A Radical Line: From the Labor Movement to the Weather Underground, One Family’s Century of Conscience is the product of a college journalism class, with author Thai Jones writing a personal history of his family and their activities as part of the American left. Jones’ parents, Eleanor Stein and Jeff Jones were both active in Students for a Democratic Society (SDS), Weatherman, and the Weather Underground and were for many years sought by the FBI as fugitives for their participation in the bombing of the Pentagon, the Capitol, and other symbols of state and corporate power during the 1970s. A Radical Line joins a wealth of new material about the Weather Underground–Bill Ayers Fugitive Days, Jeremy Varon’s Bringing the War Home, and The Weather Underground in presenting a well-considered appraisal of New Left militancy in the 1960s and 1970s.

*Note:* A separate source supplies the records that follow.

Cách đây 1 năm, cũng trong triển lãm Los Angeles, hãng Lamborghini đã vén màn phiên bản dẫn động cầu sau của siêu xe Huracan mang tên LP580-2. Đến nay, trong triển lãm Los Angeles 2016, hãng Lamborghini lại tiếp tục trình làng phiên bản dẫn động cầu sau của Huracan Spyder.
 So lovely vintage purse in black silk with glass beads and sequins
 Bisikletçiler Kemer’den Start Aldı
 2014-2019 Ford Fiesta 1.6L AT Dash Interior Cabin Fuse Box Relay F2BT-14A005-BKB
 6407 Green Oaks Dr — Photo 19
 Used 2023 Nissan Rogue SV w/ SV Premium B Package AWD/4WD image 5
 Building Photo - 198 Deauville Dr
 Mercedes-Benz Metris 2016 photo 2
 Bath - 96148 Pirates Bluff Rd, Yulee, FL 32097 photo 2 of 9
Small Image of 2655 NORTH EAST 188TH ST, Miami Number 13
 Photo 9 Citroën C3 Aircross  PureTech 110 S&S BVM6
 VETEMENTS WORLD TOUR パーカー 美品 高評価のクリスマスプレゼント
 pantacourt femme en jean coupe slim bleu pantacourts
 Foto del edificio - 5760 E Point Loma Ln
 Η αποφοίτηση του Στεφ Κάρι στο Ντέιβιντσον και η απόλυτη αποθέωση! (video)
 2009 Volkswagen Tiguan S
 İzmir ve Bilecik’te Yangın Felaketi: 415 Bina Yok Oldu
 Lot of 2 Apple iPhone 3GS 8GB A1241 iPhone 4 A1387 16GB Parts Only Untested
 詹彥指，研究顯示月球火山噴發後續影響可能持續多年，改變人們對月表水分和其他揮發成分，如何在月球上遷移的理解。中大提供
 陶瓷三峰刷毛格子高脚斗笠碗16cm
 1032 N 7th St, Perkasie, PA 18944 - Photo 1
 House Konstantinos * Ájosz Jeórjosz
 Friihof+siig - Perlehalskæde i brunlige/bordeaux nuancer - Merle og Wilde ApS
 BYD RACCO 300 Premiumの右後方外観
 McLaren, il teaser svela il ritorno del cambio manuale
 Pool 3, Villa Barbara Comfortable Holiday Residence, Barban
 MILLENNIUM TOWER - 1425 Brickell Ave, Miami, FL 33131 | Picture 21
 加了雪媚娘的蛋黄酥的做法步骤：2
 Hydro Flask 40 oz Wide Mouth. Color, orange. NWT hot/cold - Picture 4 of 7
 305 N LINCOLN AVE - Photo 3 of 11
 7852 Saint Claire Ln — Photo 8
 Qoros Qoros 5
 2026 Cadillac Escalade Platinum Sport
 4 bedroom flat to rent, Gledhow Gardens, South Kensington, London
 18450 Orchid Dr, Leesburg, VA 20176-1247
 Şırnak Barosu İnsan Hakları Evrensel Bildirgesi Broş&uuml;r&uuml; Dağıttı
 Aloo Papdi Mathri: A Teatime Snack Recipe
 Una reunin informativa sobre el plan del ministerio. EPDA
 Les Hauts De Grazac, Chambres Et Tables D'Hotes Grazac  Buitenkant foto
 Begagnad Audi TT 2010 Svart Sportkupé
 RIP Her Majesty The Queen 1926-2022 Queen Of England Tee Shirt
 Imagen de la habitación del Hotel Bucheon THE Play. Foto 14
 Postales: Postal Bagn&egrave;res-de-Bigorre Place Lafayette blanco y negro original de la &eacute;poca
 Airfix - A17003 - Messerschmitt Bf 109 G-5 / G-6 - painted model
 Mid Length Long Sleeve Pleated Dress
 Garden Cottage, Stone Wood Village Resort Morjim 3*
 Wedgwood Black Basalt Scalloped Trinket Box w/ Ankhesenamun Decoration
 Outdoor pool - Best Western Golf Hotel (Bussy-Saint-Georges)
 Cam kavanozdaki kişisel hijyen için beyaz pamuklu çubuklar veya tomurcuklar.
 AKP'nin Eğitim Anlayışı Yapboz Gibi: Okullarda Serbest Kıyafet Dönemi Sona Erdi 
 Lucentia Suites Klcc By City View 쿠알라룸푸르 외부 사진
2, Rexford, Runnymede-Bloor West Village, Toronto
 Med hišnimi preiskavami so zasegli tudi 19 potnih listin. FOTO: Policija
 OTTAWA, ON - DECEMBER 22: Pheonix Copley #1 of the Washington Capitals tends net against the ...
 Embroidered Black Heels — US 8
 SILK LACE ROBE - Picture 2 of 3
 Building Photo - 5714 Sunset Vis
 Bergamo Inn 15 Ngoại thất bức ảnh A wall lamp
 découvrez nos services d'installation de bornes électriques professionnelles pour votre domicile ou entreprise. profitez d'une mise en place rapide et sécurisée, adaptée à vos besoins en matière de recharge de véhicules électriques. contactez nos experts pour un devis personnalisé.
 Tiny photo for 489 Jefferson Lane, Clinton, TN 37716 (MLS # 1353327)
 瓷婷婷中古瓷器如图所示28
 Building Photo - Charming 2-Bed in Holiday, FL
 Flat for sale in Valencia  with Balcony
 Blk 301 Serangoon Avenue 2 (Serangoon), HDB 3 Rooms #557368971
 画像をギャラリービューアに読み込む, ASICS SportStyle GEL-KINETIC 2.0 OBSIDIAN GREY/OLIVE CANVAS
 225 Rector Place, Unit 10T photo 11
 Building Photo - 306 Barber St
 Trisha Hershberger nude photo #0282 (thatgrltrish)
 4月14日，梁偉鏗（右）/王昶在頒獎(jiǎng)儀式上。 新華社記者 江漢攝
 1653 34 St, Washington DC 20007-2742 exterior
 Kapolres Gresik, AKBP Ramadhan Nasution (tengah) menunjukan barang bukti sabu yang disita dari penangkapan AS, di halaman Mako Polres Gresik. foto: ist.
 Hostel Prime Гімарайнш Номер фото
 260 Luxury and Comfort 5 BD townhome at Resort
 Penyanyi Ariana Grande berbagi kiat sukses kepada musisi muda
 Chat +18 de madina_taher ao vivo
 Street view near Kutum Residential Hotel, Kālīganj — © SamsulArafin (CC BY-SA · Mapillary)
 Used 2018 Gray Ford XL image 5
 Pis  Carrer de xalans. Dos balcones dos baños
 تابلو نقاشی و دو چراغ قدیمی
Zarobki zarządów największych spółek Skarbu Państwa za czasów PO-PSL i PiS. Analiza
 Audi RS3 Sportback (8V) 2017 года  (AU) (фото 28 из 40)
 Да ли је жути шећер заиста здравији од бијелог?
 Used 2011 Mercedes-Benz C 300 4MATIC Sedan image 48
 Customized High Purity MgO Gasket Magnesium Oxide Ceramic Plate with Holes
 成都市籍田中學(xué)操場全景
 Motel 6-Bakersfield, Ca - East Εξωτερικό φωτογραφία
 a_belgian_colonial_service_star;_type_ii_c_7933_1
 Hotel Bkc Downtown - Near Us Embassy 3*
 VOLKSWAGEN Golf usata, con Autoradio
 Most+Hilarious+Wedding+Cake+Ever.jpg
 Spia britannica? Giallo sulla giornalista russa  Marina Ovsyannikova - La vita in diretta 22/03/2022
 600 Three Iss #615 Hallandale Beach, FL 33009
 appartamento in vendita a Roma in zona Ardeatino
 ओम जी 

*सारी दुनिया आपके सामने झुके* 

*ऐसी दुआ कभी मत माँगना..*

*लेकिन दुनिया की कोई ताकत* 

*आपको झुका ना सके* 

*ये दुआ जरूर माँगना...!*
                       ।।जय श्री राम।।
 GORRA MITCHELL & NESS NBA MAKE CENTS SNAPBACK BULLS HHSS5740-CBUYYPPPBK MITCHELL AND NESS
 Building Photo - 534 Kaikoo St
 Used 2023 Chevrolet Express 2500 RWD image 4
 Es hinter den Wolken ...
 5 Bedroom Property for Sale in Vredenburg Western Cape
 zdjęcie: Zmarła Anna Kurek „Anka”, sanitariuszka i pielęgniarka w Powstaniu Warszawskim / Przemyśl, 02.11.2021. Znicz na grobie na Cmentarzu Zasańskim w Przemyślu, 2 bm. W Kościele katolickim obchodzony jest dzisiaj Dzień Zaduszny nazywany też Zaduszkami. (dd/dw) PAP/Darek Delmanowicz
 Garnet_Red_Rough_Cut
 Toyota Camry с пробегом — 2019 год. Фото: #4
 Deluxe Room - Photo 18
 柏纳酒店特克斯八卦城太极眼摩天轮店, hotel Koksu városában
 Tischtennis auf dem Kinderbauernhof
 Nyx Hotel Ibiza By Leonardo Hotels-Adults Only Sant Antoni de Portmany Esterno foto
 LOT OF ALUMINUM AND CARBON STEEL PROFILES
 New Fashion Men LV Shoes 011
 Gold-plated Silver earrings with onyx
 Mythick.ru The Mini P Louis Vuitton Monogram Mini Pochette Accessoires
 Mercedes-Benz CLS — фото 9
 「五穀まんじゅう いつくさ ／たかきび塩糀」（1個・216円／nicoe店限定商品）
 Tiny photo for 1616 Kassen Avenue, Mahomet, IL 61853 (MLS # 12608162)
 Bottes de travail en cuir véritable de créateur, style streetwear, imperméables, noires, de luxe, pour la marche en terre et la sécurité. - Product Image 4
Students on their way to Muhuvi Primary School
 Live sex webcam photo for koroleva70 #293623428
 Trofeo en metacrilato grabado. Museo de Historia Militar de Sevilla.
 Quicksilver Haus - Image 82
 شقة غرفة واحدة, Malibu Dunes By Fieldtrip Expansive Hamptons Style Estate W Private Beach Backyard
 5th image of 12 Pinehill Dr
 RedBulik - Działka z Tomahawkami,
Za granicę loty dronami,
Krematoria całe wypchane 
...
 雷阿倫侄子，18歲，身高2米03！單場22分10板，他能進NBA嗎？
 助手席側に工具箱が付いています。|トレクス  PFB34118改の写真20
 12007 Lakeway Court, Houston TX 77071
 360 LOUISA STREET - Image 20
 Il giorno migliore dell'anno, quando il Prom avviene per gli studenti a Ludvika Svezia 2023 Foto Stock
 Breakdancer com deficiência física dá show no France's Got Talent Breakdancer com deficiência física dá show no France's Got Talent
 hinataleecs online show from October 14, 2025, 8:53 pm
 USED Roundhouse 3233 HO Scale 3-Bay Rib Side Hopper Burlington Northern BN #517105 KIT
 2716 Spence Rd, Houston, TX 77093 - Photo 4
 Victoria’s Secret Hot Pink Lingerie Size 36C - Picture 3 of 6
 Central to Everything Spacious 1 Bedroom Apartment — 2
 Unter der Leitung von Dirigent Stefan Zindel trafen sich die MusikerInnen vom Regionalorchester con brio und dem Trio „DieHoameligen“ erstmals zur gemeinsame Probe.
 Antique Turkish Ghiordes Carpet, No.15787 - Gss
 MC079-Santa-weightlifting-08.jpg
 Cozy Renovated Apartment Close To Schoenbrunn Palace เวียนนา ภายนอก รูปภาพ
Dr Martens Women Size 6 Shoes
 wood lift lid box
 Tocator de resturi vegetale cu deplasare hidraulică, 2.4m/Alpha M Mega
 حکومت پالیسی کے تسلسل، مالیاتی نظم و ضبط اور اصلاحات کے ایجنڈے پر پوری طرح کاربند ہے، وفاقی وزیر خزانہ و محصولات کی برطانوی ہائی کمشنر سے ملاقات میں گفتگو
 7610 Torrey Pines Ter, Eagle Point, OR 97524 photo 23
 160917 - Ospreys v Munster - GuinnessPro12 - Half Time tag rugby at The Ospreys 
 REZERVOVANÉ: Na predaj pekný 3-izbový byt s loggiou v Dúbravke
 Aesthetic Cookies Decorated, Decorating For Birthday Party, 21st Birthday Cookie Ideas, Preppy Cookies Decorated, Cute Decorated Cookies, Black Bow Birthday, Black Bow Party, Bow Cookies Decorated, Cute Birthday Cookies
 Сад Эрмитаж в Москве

While right-wing commentators have made a cottage industry out of criticizing “sixties radicals” for their excesses and inconsistencies, A Radical Line confronts the common myth that the radicals of the 1960s were acting in a vacuum without tradition and were merely selfish youth–putting the activism of two SDS and Weather Underground members into the context of their families mutual struggles for social justice. Jones’ parents did not simply act out of a newfound consciousness in the 1960s but rather they were embracing their family history and traditions, and to a certain extent, the history and traditions of the American left. Eleanor Stein’s family had a long history of participation in the Communist movement and both her parents were part of the Communist underground (an underground which Jones humorously describes as “the most boring ever” with members simply discussing things and having meetings without any actions) and her father appeared before the House Un-American Activities Committee (HUAC) while both of her parents were frequently monitored by the FBI. Stein’s parents were also active in the struggle for civil rights in Washington DC, participating in the movement that would provide the gateway for Eleanor Stein’s involvement in radical politics. A Radical Line describes how she walked out on a class at Columbia to join the demonstrations that would lead to the 1968 “Columbia Uprising” and spent the next ten years involved in the militant fringes of the New Left. Similarly, Jeff Jones father was involved in radical politics, albeit of a much more subtle nature than Stein’s parents were. Jeff’s father was a pacifist and spent World War II at a camp for Conscientious Objectors, dedicating his life to teaching about peace and justice, instilling the values that would lead Jeff Jones from a student at Antioch College to a position as a national organizer for SDS and later the inner circle of the Weather Underground.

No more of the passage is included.